● **Task instructions**
Each entry that follows is to be duplicated exactly, without its images.

● **Source data**
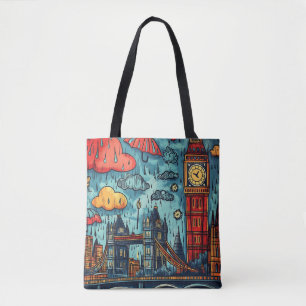 Regenachtige dag in Londen, kleurrijke Doodle illu Tote Bag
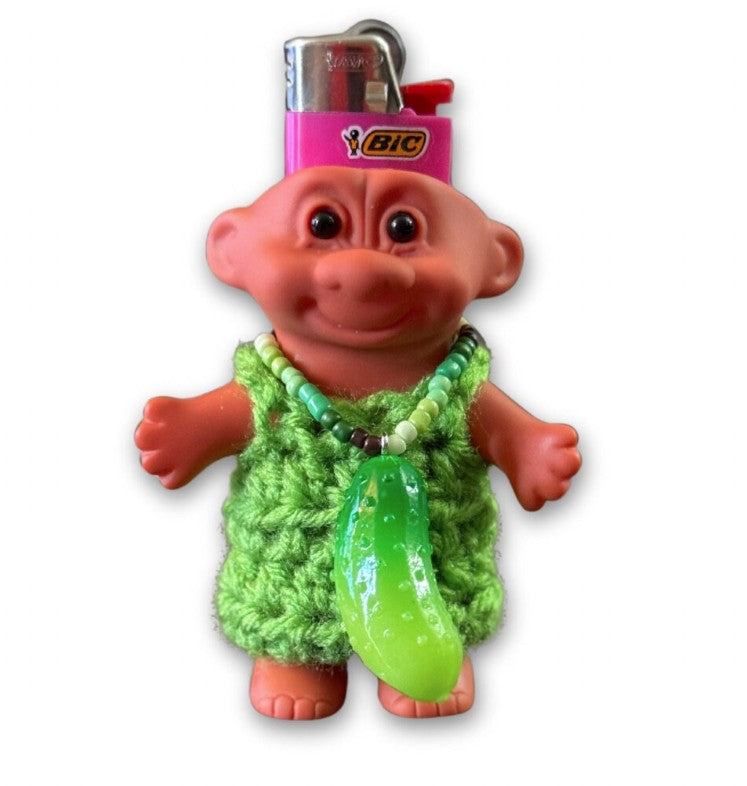 Troll Lighter Case with Large pickle necklace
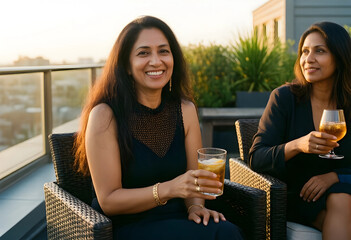 Fototapeta premium Friendship and social connection, two mature women enjoying drinks on a rooftop terrace during sunset for leisure and lifestyle relaxation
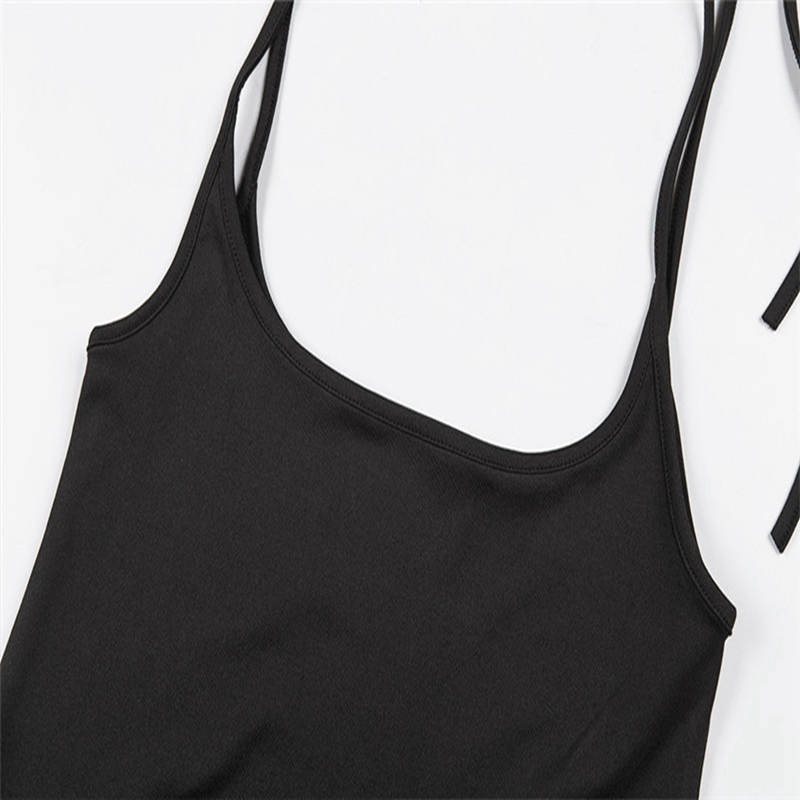 Весеннее сексуальное платье на бретельках женское однотонное бандажное платье без рукавов с открытой спиной женские летние платья на бретельках с разрезом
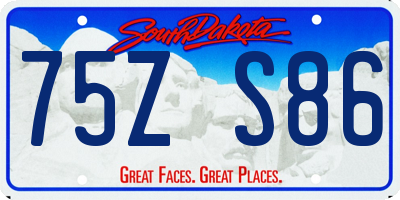 SD license plate 75ZS86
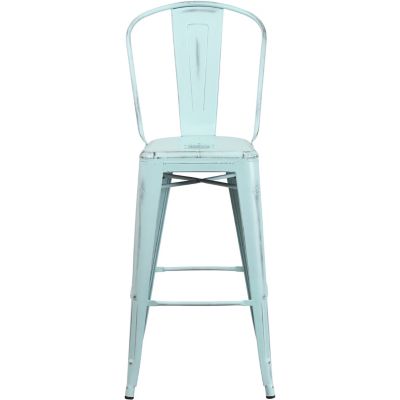 Image showing 3 th Flash Furniture High Metal Indoor/Outdoor Bar Stool with Backrest, 46 in.
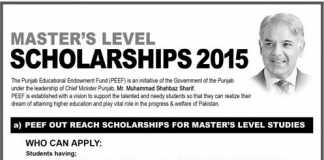 PEEF Master Level Scholarship 2016 Out Reach, Special Quota Application Form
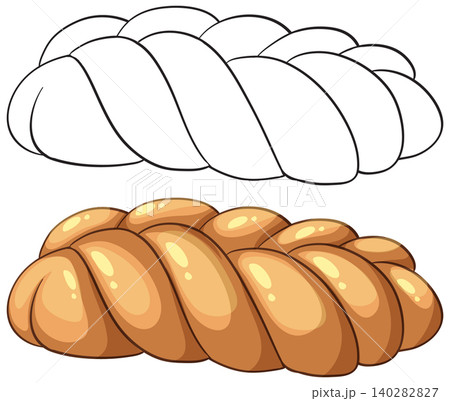 Braided Bread Loaf Vector Illustration in Color and Line Art Braided Bread Loaf Vector Illustration in Color and Line Art 140282827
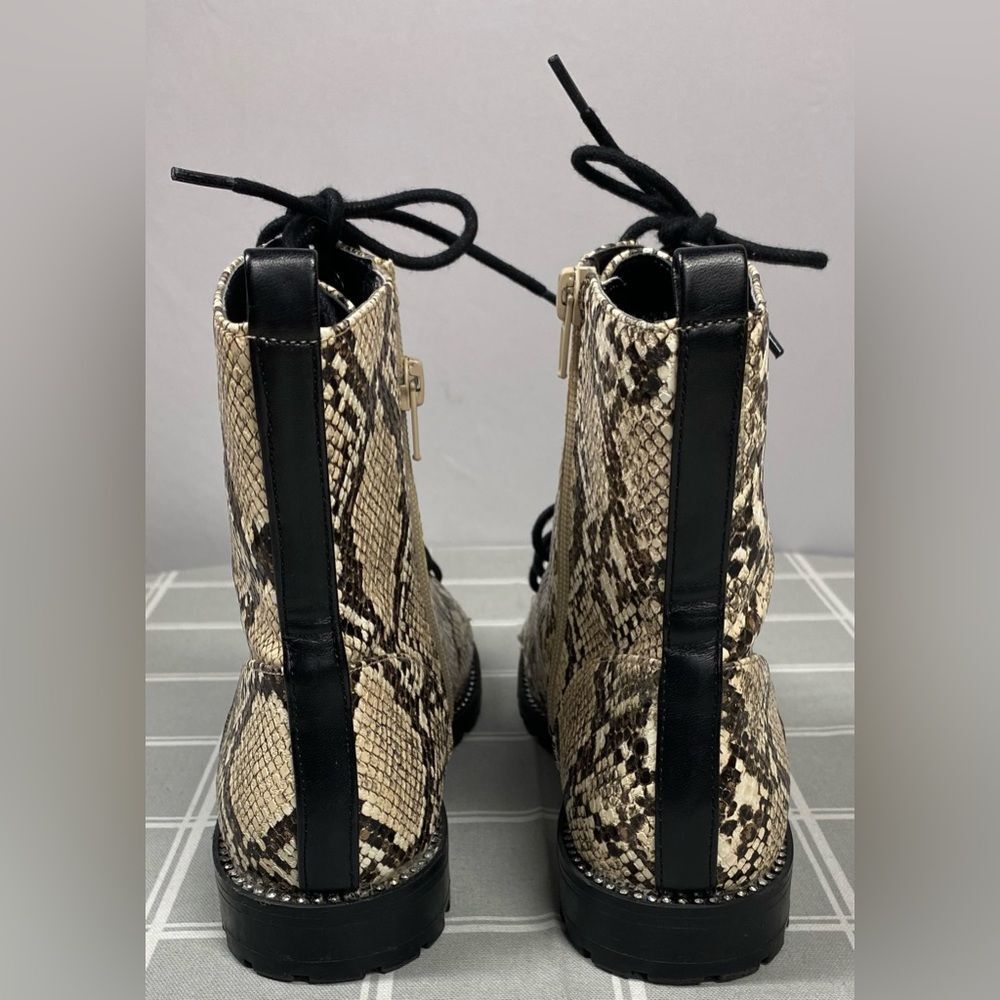Express Snakeskin Print Combat Boot Side Zip Rhin… - image 6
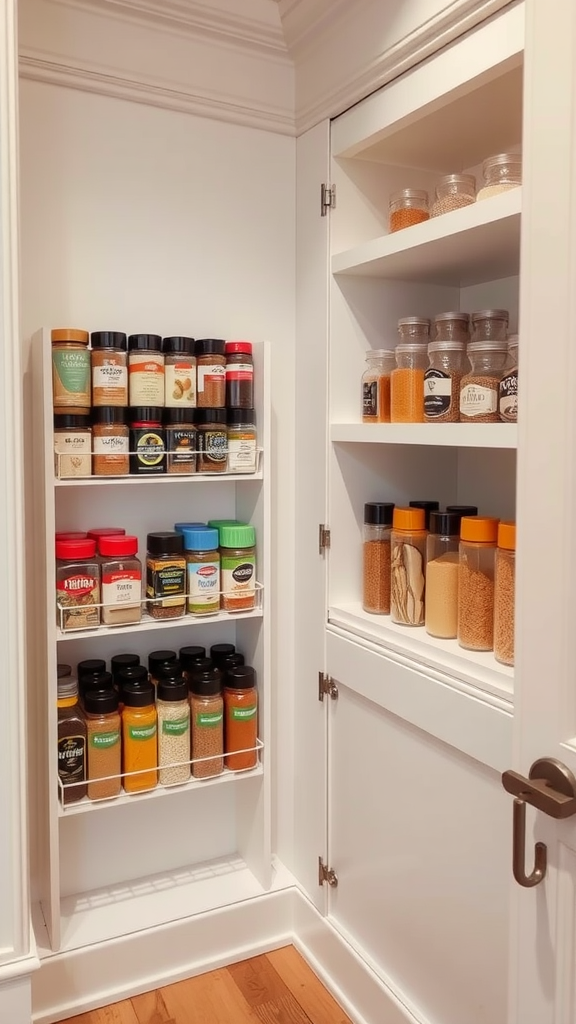 A well-organized corner kitchen pantry with a spice rack displaying various spices and jars.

● **Response box**
 Regenachtige dag in Londen, kleurrijke Doodle illu Tote Bag
 Troll Lighter Case with Large pickle necklace
 Fototapeta premium Friendship and social connection, two mature women enjoying drinks on a rooftop terrace during sunset for leisure and lifestyle relaxation
 Весеннее сексуальное платье на бретельках женское однотонное бандажное платье без рукавов с открытой спиной женские летние платья на бретельках с разрезом
 SD license plate 75ZS86
 Image showing 3 th Flash Furniture High Metal Indoor/Outdoor Bar Stool with Backrest, 46 in.
 PEEF Master Level Scholarship 2016 Out Reach, Special Quota Application Form
 Braided Bread Loaf Vector Illustration in Color and Line Art Braided Bread Loaf Vector Illustration in Color and Line Art 140282827
Express Snakeskin Print Combat Boot Side Zip Rhin… - image 6
 A well-organized corner kitchen pantry with a spice rack displaying various spices and jars.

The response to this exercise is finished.